- WORK TO BE COMPLETED: Write down exactly the lines from the one below that has "آموزش گام به" to the end of the data, both ends included; the pictures should not appear in your copy.

- Opening Delimiter -

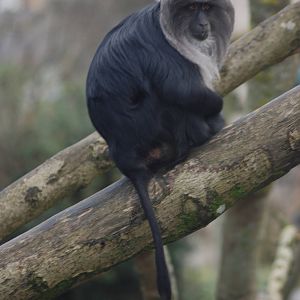 Lion-tailed Macaque at Bristol, 06/02/12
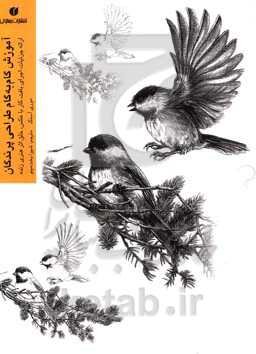 آموزش گام به گام طراحی پرندگان: ارائه جزئیات، اجرای بافت، کار با عکس، خلق اثر هنری زنده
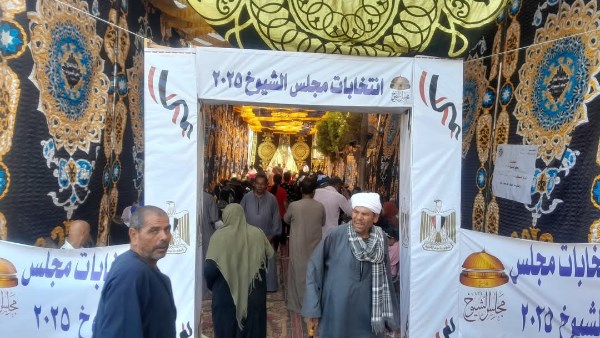 إقبال كبير من السيدات في اليوم الثاني لانتخابات مجلس الشيوخ بالمنيا.. شاهد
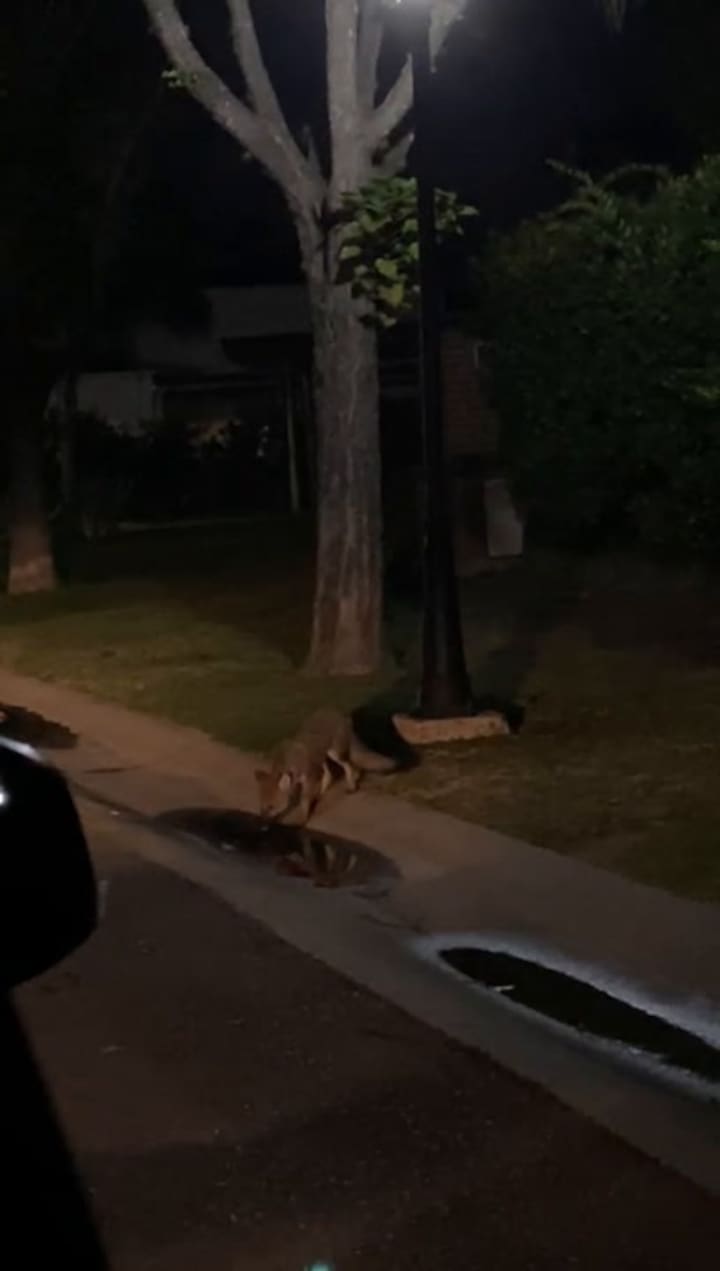 Zorros en Pilar del Este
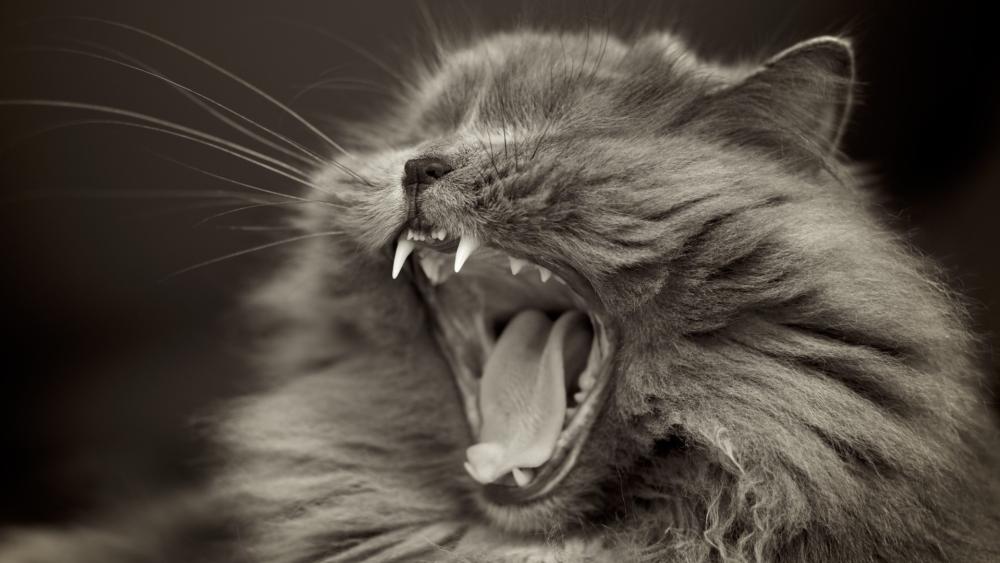 Yawning Feline Elegance in Monochrome wallpaper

- Closing Delimiter -

- RESULT BELOW:
 آموزش گام به گام طراحی پرندگان: ارائه جزئیات، اجرای بافت، کار با عکس، خلق اثر هنری زنده
 إقبال كبير من السيدات في اليوم الثاني لانتخابات مجلس الشيوخ بالمنيا.. شاهد
 Zorros en Pilar del Este
 Yawning Feline Elegance in Monochrome wallpaper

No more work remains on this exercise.